Tom,
The BT3000, as it was sold, didn't have a miter slot at all, so none of the jigs that require a miter slot will work on the BT3000, unless you come up with a way of adding one or modifying each jig somehow. Ryobi later came out with a narrow table for use on either side of the main table and blade, but it worked much better if you used it on the left side of the blade. I liked the idea and ordered one, but UPS kicked or towed it all the way to me, making it a heavily damaged and unuseable aluminum extrusion, so I sent it back and then made a similar design from wood with an aluminum miter slot extrusion for an insert. Both the Ryobi version and mine had the standard 3/4 X 3/8" slot so it readily accepted the standard jigs that were on the market.

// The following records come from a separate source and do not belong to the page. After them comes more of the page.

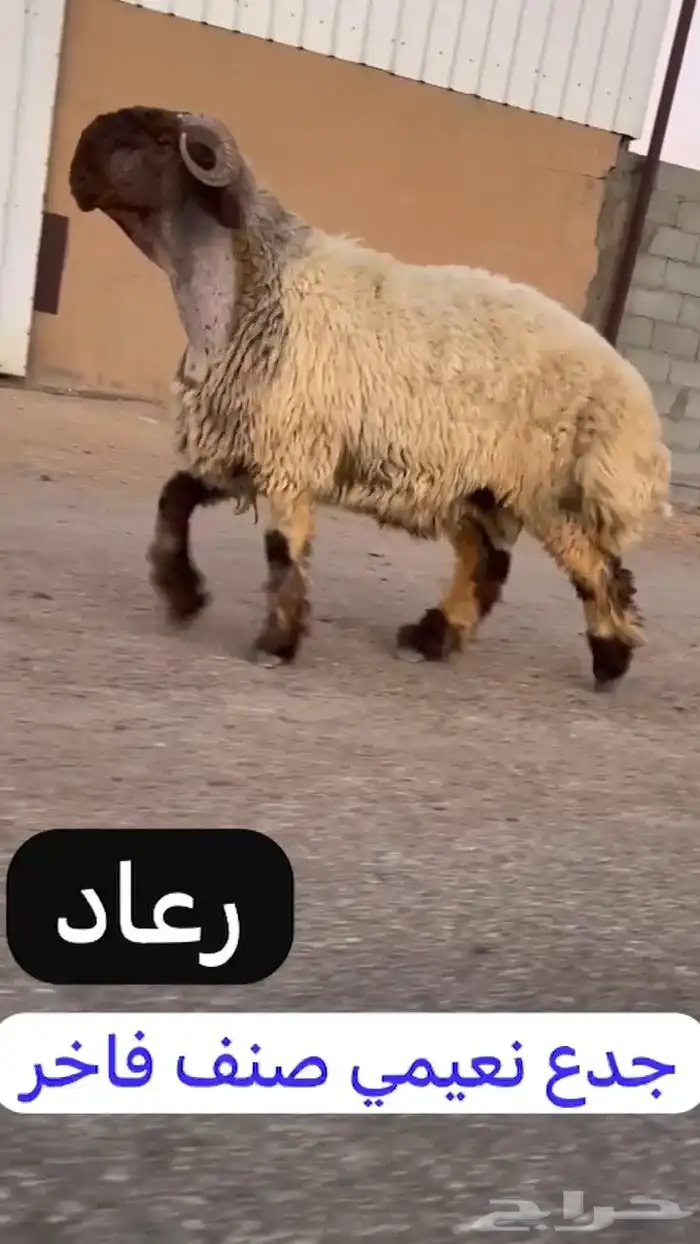 جدع نعيمي صنف فاخر للبيع 0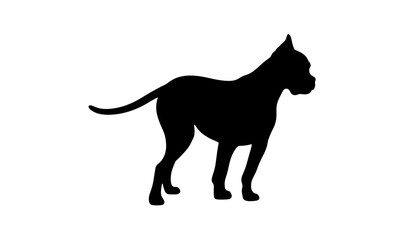 Obraz premium Silhouette of a dog standing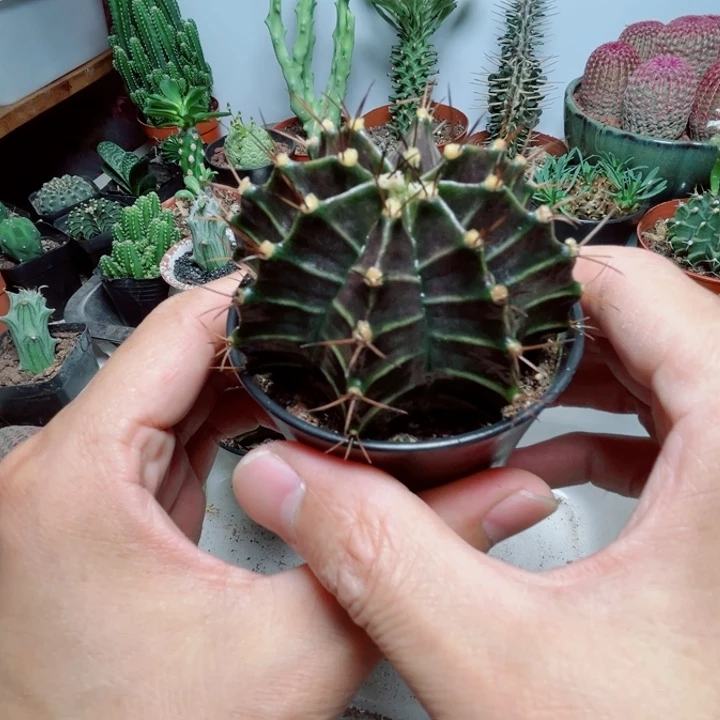 单头大号黑美人黑寡妇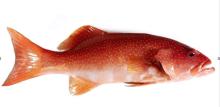 leopard coral grouper
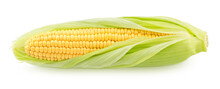 Fresh Whole Half Peeled Corn Cob Isolated On A White Background.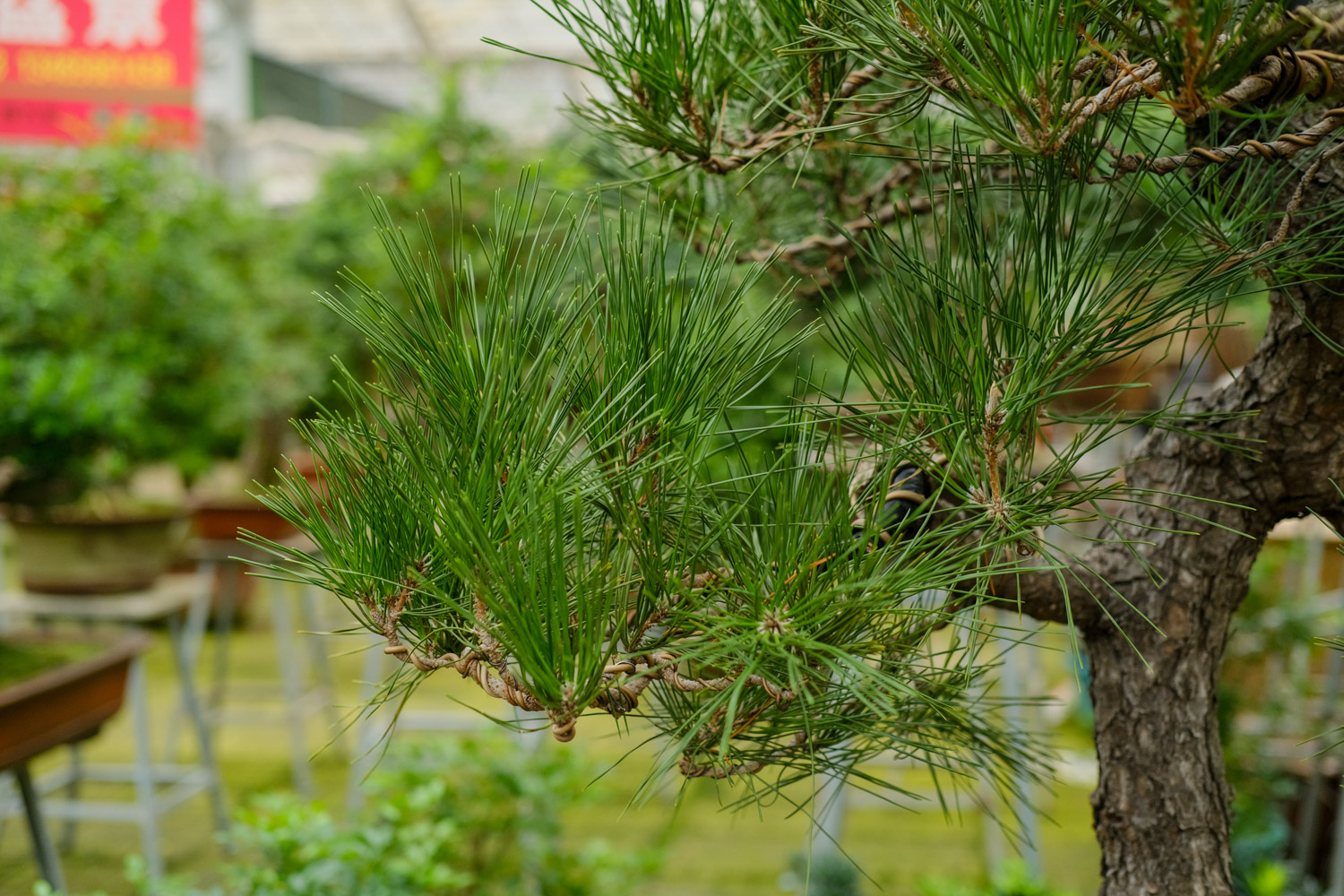 松树 松树的特点是什么,如何种植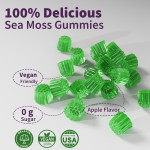 OEM Organic Sea Moss Gummies with Vitamin C | Vegan Immune Support | Burdock Root & Bladderwrack Supplement for Adults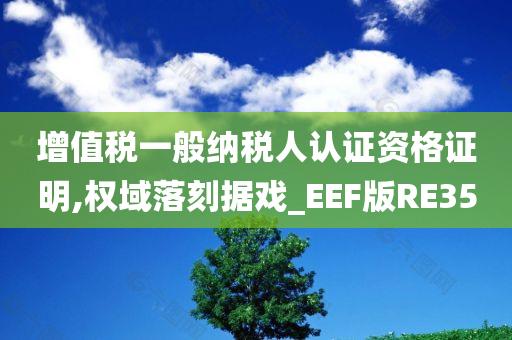 增值税一般纳税人认证资格证明,权域落刻据戏_EEF版RE35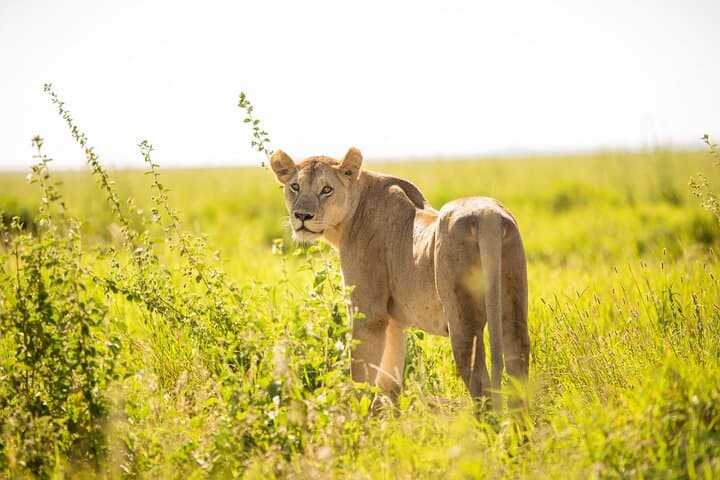 Arusha National Park Game Drive and Walking Tour — Private Day Trip photo 2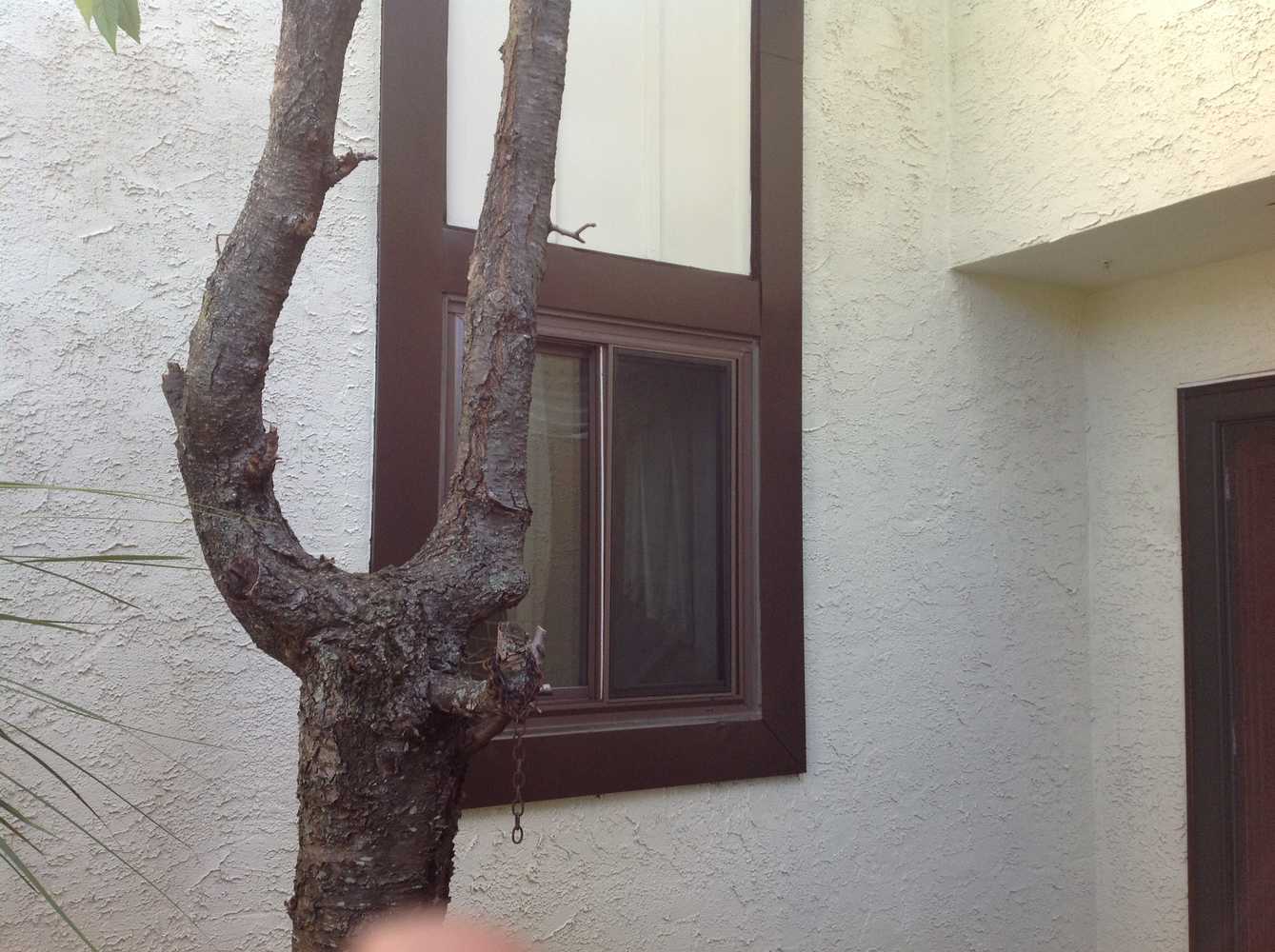 Exterior Stucco Power wash and repaint Photos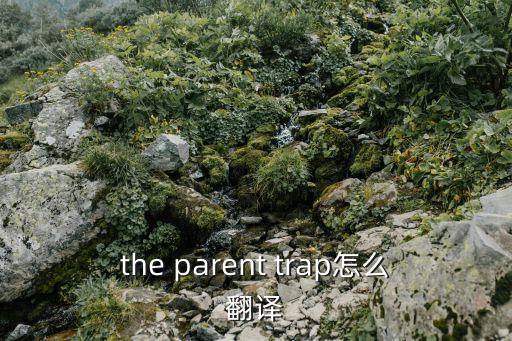 陷阱英文，the parent trap怎么翻譯
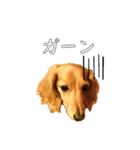 佐々木家のモモちゃん（個別スタンプ：16）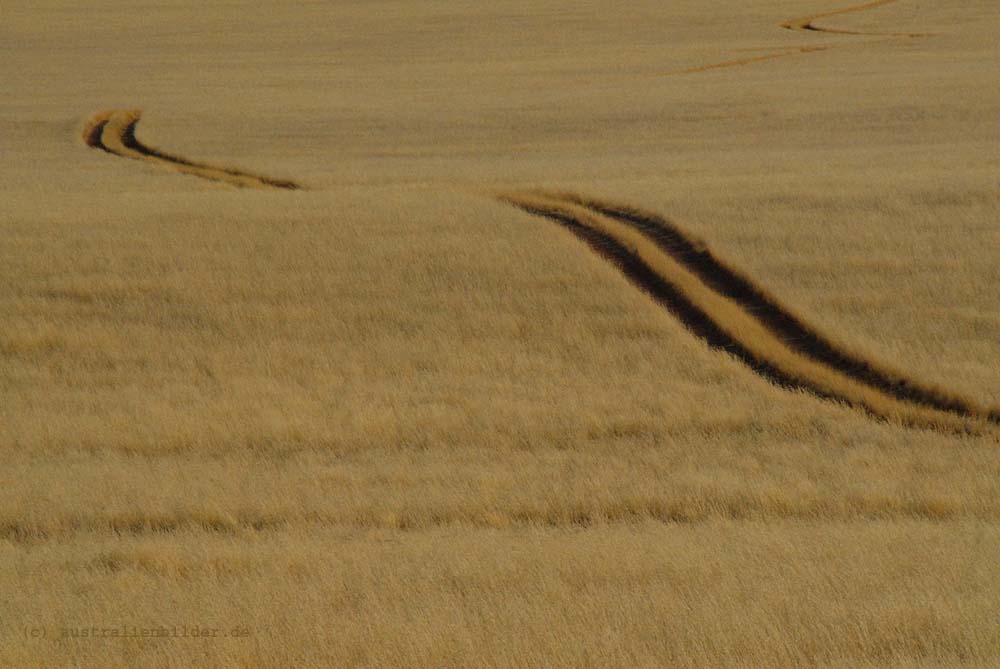 Namib Desert Lodge Tour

What comes with the BT3000 for cutting miters is a sliding table with an angle adjustable fence, It will fit the rails on either side of the blade. The slot in this sliding table was for the T bolt and knob to lock this angled fence at the desired angle. The slot itself without the T bolt and fence is too small and too short to be very useful for anything else. This sliding table was also almost 1/8" higher than the non moving part of the saw table around the blade, making accurate cut depths of dado cuts very difficult. The blade arbor only allowed for about 1/2" max dado stack widths as well.
Another idea that I had for adding a miter slot to my BT3000 was to have the right edge of the miter sliding table machined square, and then weld or epoxy a standard liter slot extrusion to it. The miter slide table had a lock to keep it from moving at it's centered position, so if it had a miter slot along it's right edge the sliding table could be locked in place whenever using the miter slot was desired. This idea seemed good, but I never went this way because, at the time, I didn't have the machining capability or the aluminum welding capability that I have now..
The BT3000 had some very good design ideas incorporated into it, but it was also sadly lacking in some places.
Quality of construction and the lack of a good accurate miter slot being two of them. For me, the saw was also quite under powered and the blade height adjustment way too fragile. A good table saw has an induction motor and the BT3000 saw has a Universal AC-DC motor with brushes, so it screams until you put it under load and then slows to less than optimum speed for clean cuts. I couldn't tell you how many of the little timing belts that go between the motor shaft and the blade arbor that I had to replace in that saw while I owned it. Still, it was a better saw than the base models of cheap plastic cabinet table saws that were available at the time, but it was nowhere near the reliability, accuracy, and power that is available with a Delta Contractors Saw, that also had two standard and accurately machined miter slots and a relatively quiet induction motor that maintains it's speed naturally by the AC power line frequency.